WHAT THE TASK REQUIRES = The line containing "Автокресло Martin noir" marks the end; return exactly every line from the start of the records up to and including it, but no pictures.

+++ RECORDS SUPPLIED +++

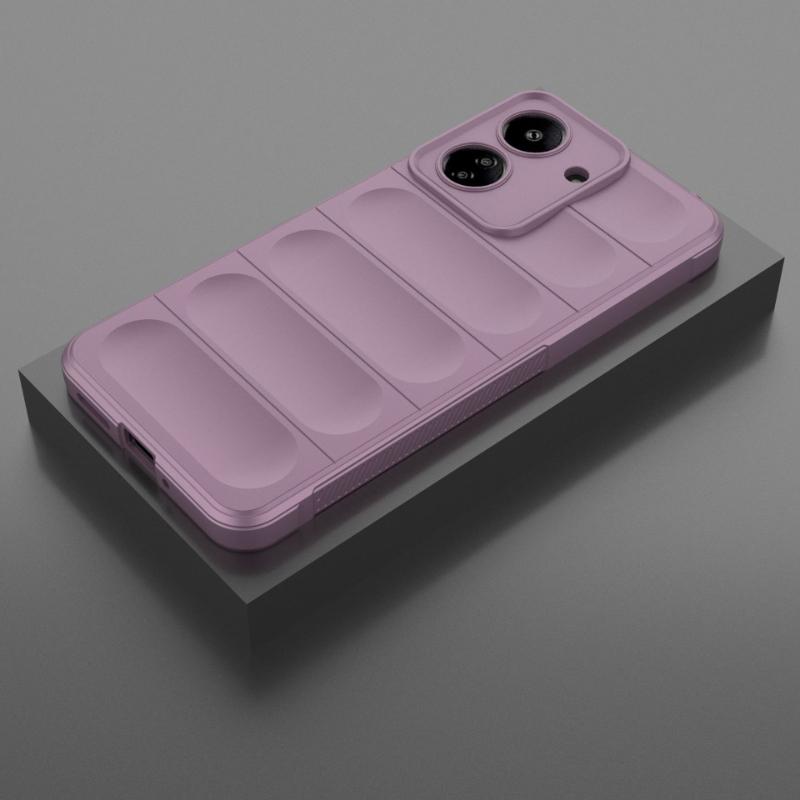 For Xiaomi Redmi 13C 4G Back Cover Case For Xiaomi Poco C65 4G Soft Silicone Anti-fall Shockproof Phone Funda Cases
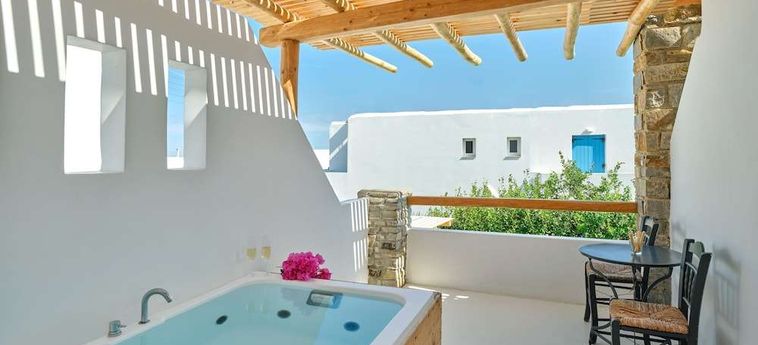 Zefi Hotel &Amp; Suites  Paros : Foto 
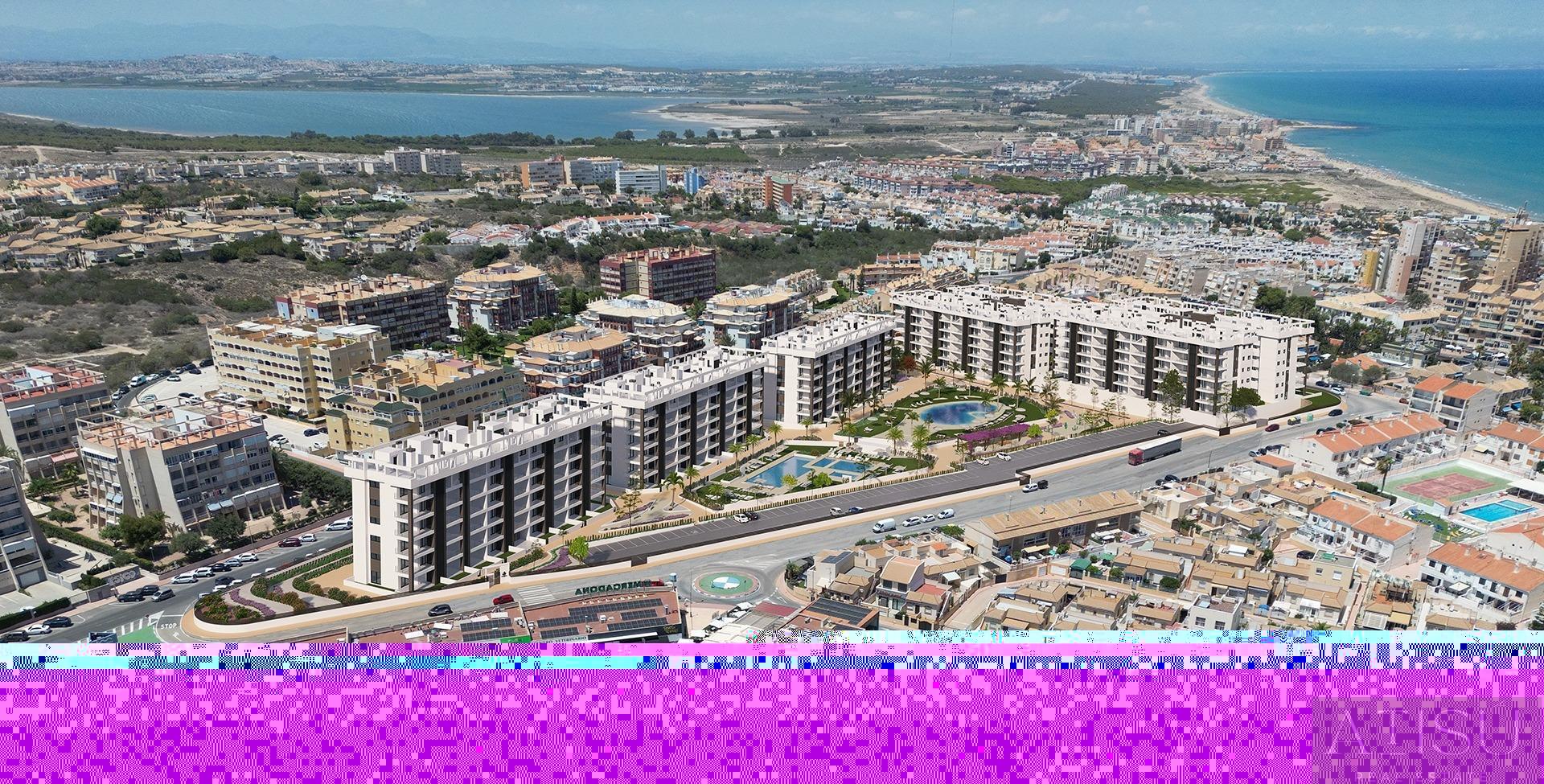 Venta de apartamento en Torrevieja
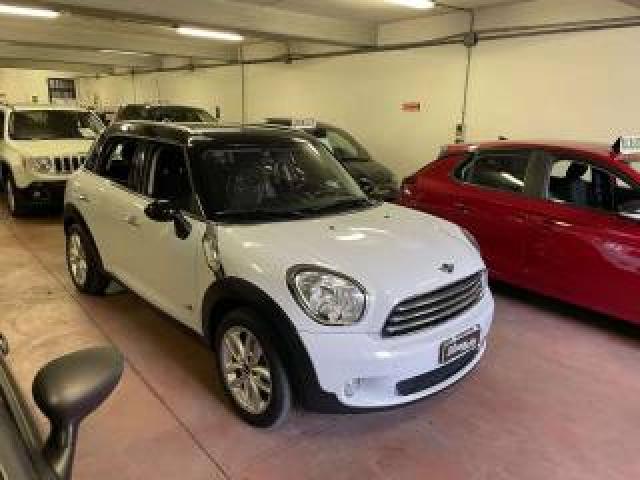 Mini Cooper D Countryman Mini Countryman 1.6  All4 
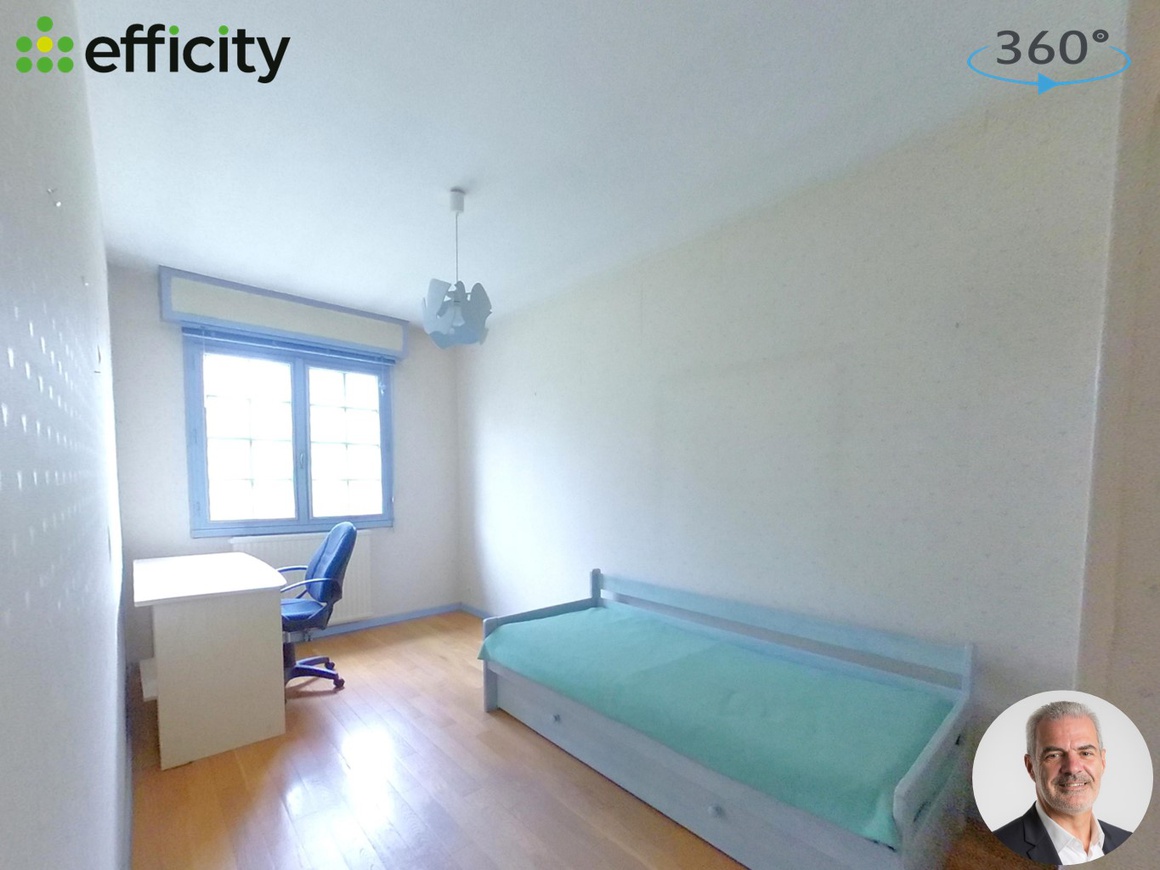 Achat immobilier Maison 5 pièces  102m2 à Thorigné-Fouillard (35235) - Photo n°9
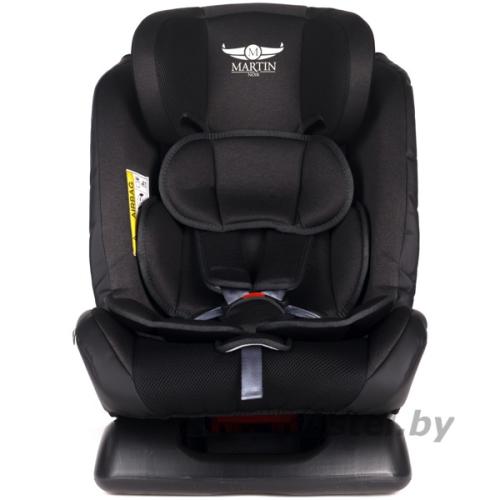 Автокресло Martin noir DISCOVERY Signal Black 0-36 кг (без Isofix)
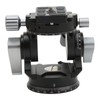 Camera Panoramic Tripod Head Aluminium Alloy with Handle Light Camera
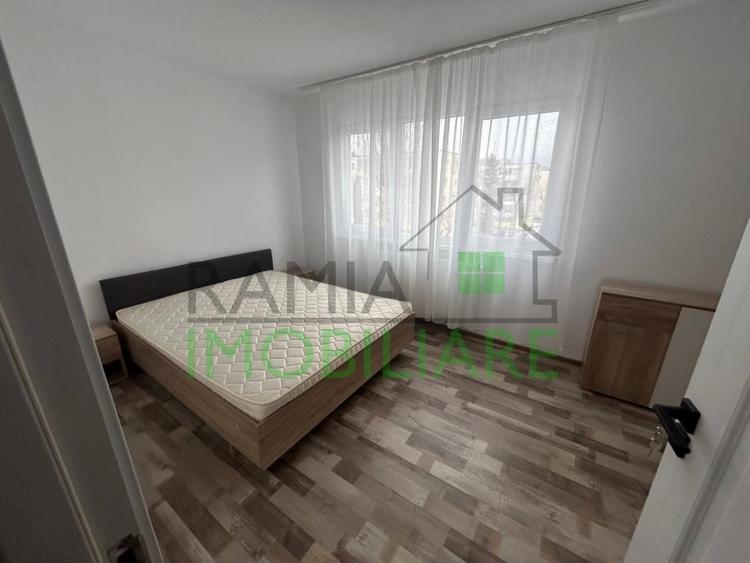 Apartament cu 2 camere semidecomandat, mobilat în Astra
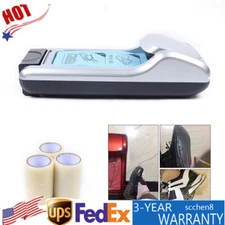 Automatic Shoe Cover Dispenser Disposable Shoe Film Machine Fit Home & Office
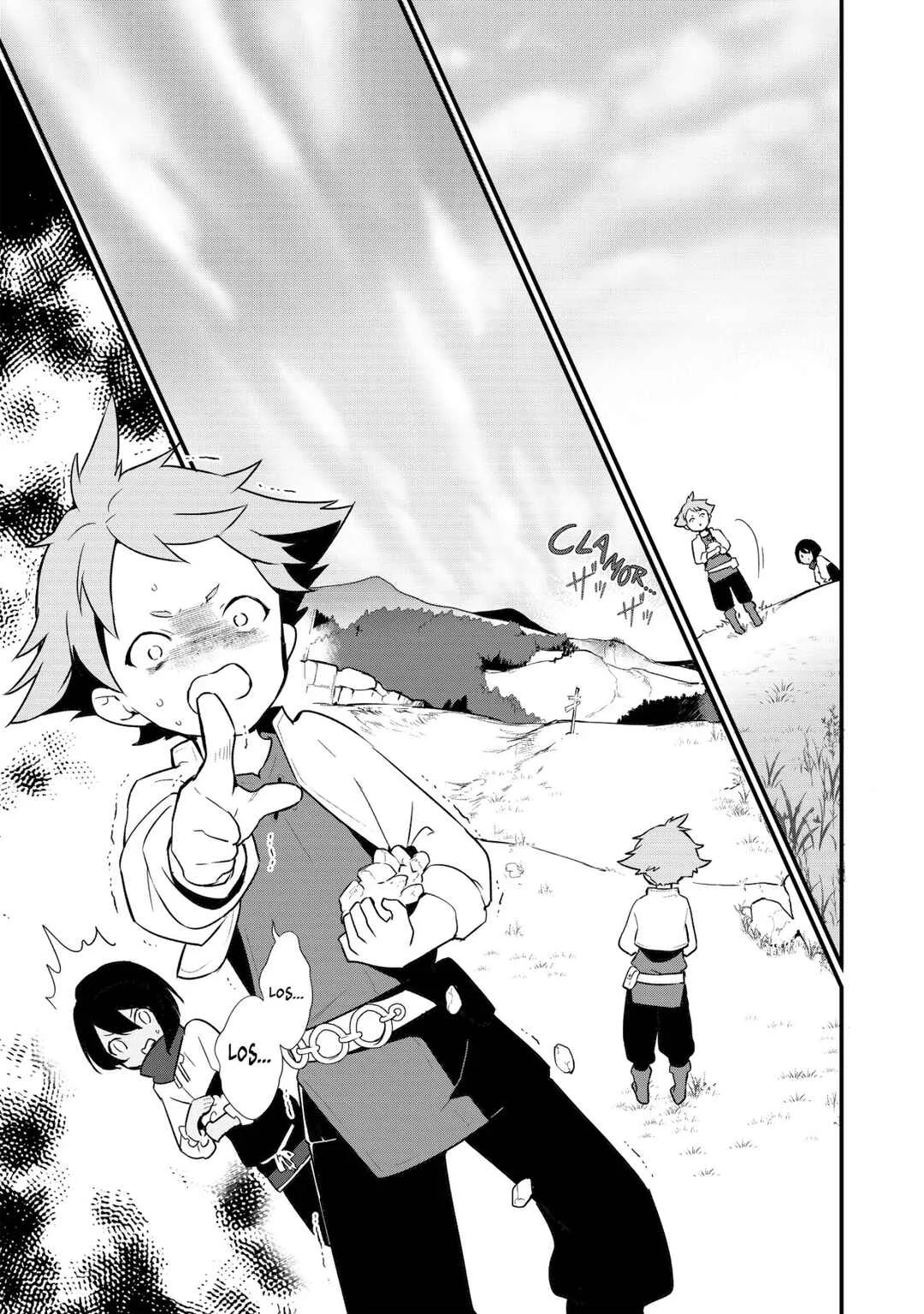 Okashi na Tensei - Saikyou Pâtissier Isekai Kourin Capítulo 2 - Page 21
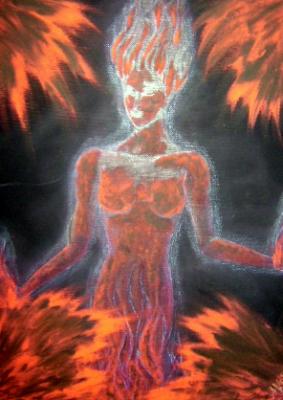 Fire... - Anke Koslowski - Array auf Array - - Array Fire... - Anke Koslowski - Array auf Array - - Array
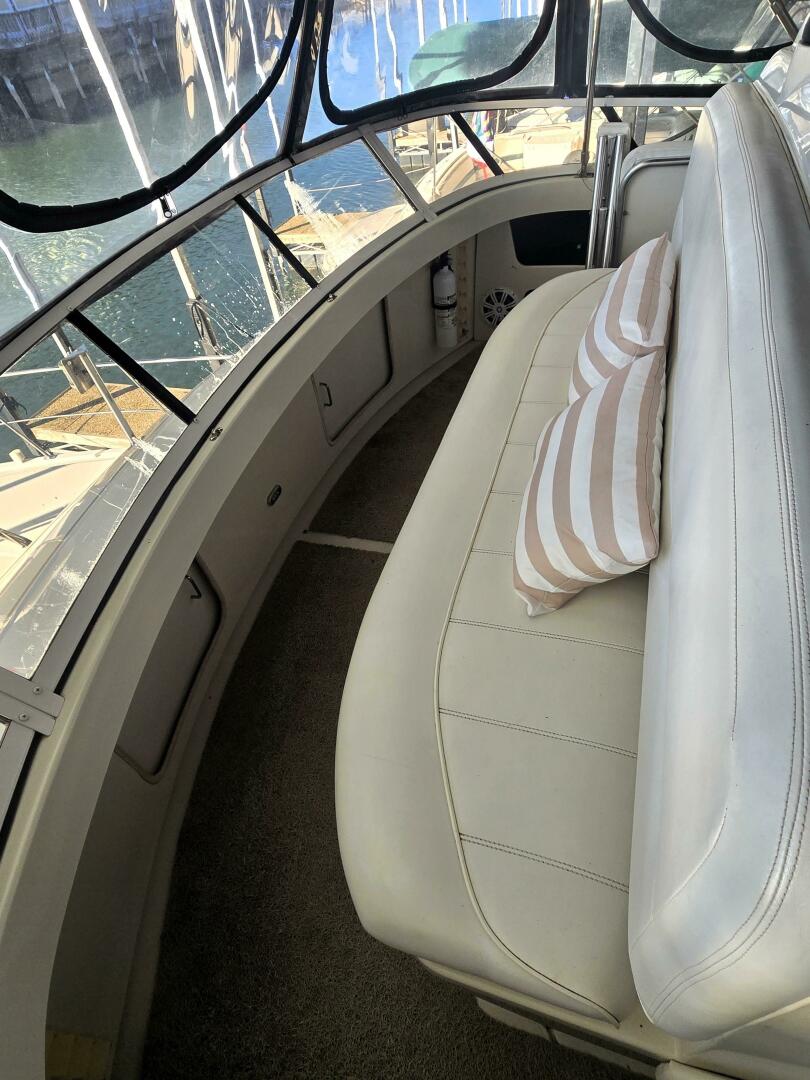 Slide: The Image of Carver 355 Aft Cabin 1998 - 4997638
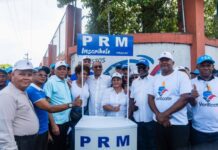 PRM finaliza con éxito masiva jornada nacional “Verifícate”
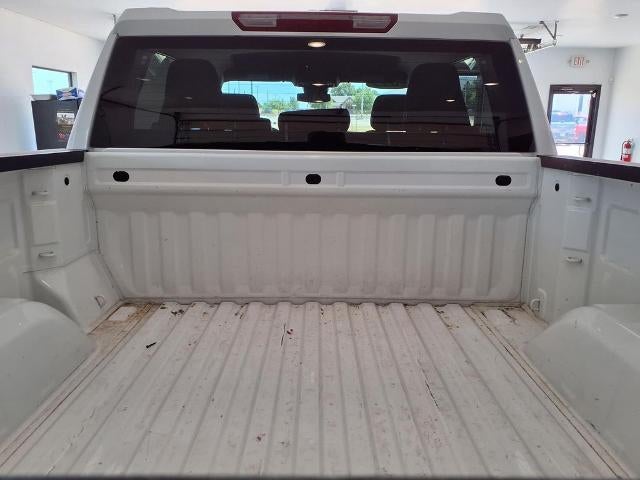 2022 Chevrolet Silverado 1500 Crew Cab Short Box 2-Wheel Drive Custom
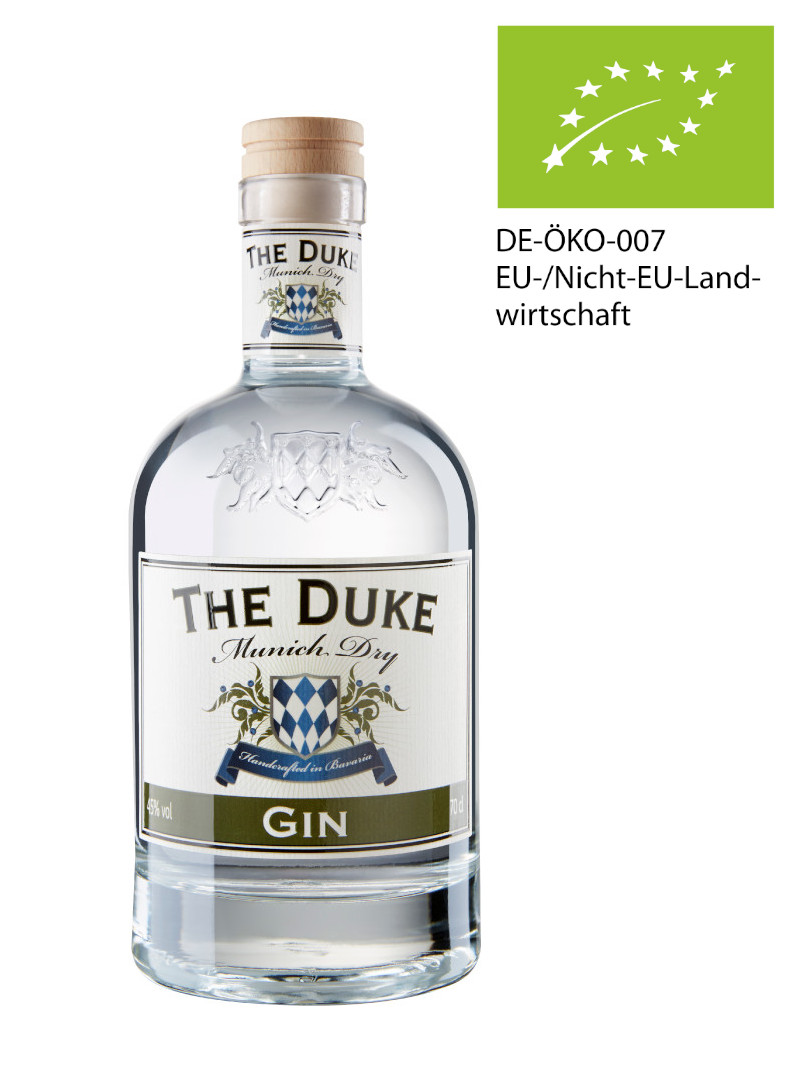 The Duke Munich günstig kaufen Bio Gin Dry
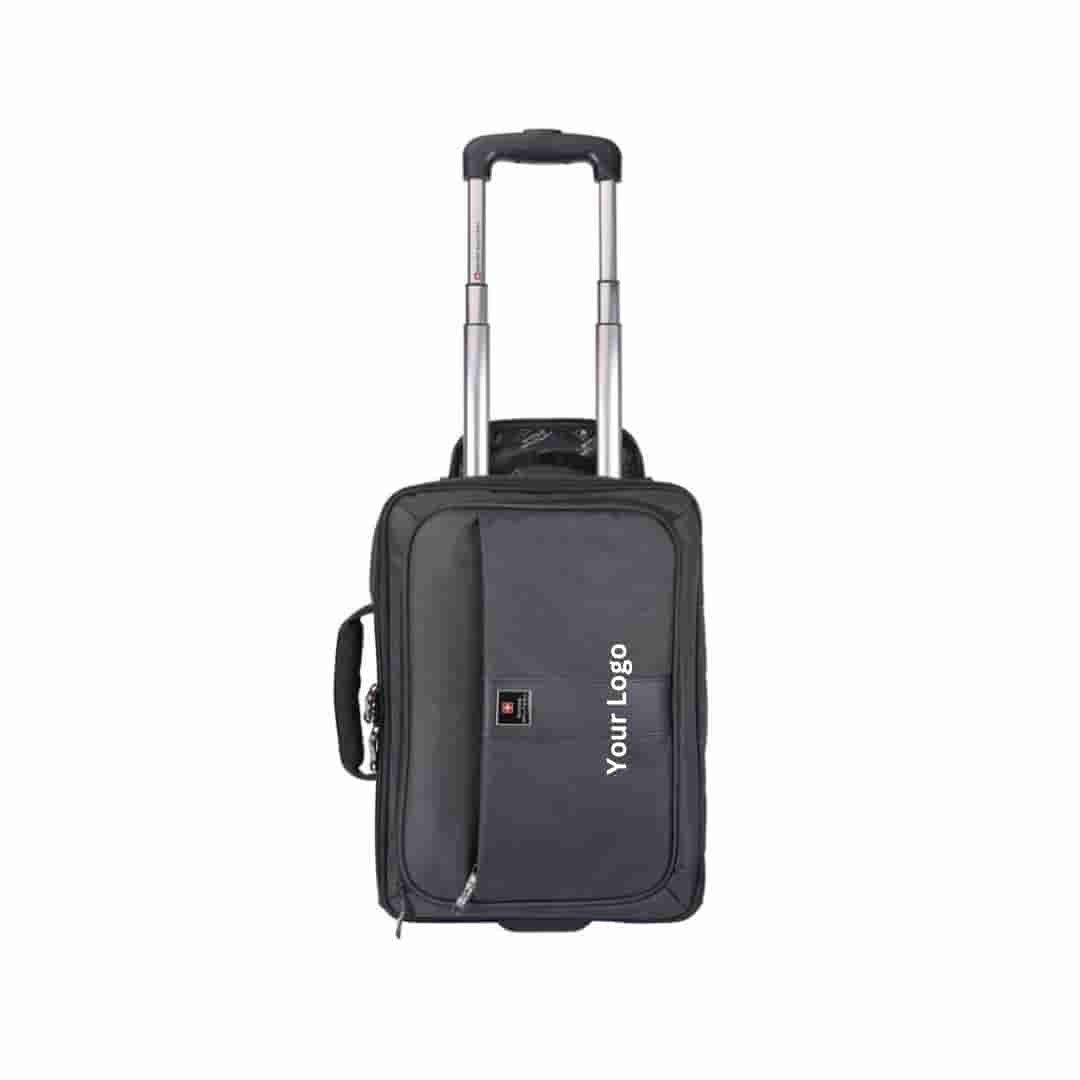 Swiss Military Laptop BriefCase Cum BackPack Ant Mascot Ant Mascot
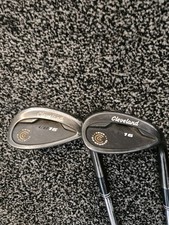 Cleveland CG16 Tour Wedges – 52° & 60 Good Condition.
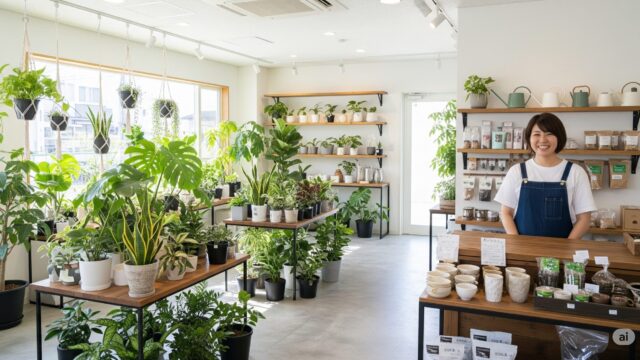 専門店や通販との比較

+++

RESPONSE =
 For Xiaomi Redmi 13C 4G Back Cover Case For Xiaomi Poco C65 4G Soft Silicone Anti-fall Shockproof Phone Funda Cases
 Zefi Hotel &Amp; Suites  Paros : Foto 
 Venta de apartamento en Torrevieja
 Mini Cooper D Countryman Mini Countryman 1.6  All4 
 Achat immobilier Maison 5 pièces  102m2 à Thorigné-Fouillard (35235) - Photo n°9
 Автокресло Martin noir DISCOVERY Signal Black 0-36 кг (без Isofix)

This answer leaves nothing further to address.